_ENTRIES PROVIDED_.

====

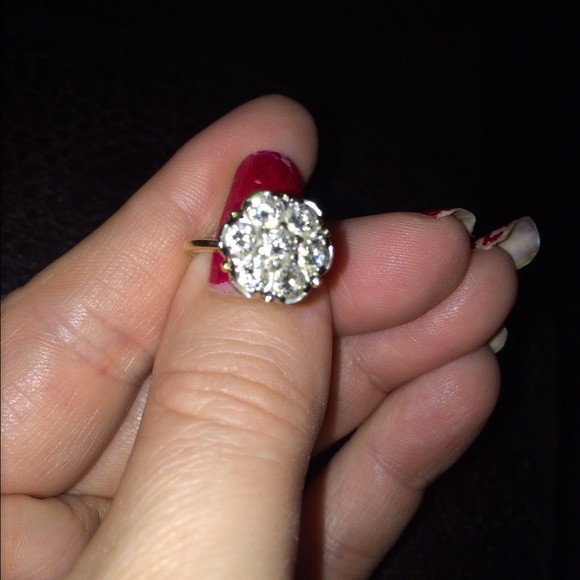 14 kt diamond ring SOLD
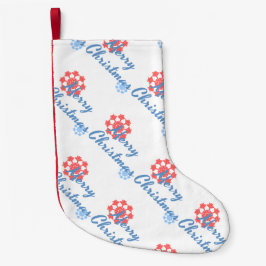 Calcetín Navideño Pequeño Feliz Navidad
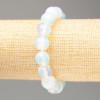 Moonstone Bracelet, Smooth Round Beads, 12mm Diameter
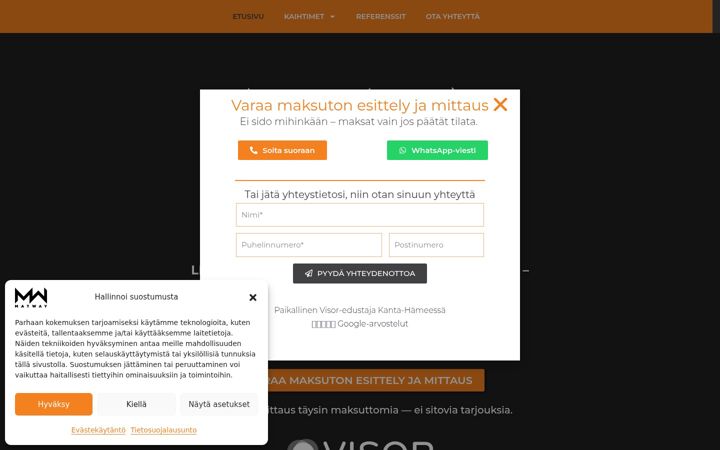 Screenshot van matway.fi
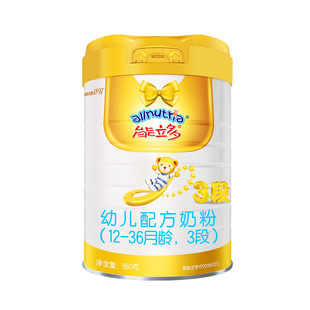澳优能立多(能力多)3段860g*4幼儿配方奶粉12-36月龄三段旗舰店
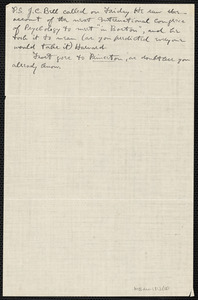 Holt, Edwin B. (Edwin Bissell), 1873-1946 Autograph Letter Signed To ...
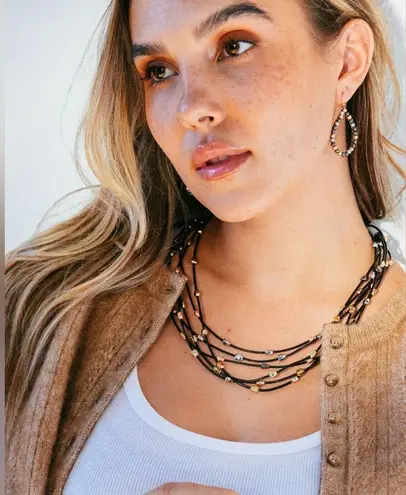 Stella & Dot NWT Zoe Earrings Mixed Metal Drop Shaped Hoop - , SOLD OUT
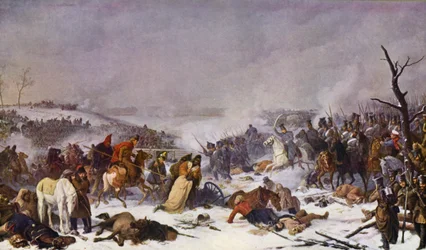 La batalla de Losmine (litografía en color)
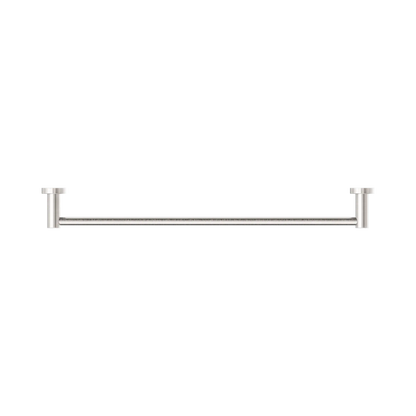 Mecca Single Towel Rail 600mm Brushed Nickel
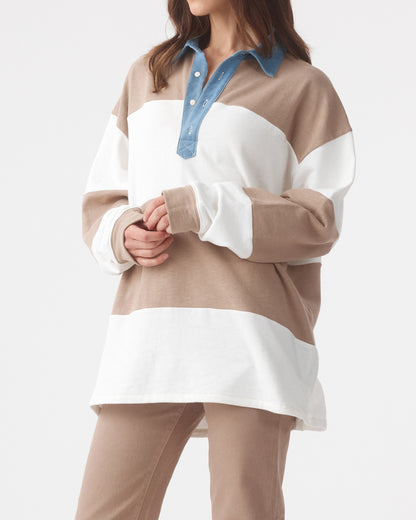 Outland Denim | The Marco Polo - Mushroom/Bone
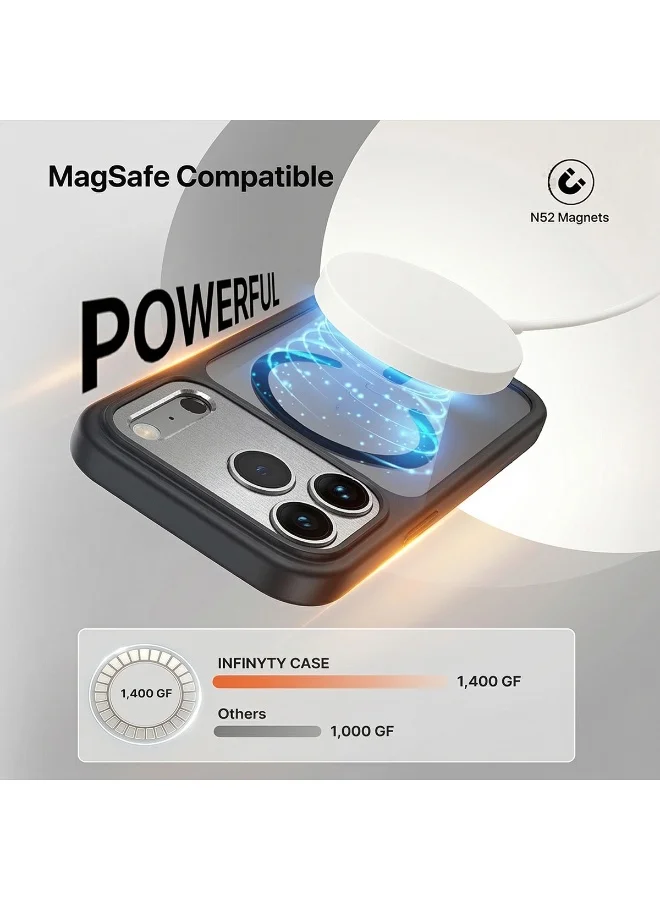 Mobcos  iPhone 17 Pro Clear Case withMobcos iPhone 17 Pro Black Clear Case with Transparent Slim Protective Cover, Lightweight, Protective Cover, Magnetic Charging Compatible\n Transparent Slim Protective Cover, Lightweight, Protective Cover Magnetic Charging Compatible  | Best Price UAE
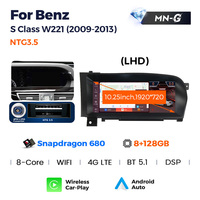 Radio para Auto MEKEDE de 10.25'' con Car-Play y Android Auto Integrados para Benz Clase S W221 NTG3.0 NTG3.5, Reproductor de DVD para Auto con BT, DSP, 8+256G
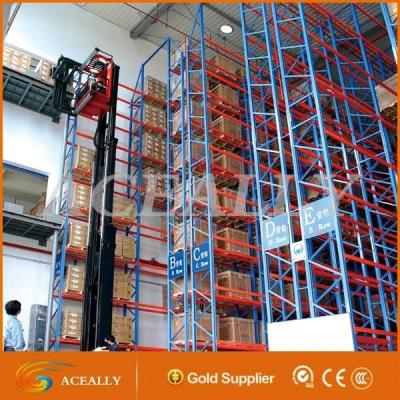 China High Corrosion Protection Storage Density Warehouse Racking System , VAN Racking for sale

====

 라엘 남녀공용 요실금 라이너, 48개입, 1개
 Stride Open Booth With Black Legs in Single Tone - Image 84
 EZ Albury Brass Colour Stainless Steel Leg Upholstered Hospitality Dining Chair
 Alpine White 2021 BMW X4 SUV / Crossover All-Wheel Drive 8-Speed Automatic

====

_THE TASK_. Everything from the line with "라엘 남녀공용 요실금 라이너, 48개입, 1개" through the line with "Alpine White 2021" in the listing above must be retyped exactly, with nothing added.

_RESULT_.
 라엘 남녀공용 요실금 라이너, 48개입, 1개
 Stride Open Booth With Black Legs in Single Tone - Image 84
 EZ Albury Brass Colour Stainless Steel Leg Upholstered Hospitality Dining Chair
 Alpine White 2021 BMW X4 SUV / Crossover All-Wheel Drive 8-Speed Automatic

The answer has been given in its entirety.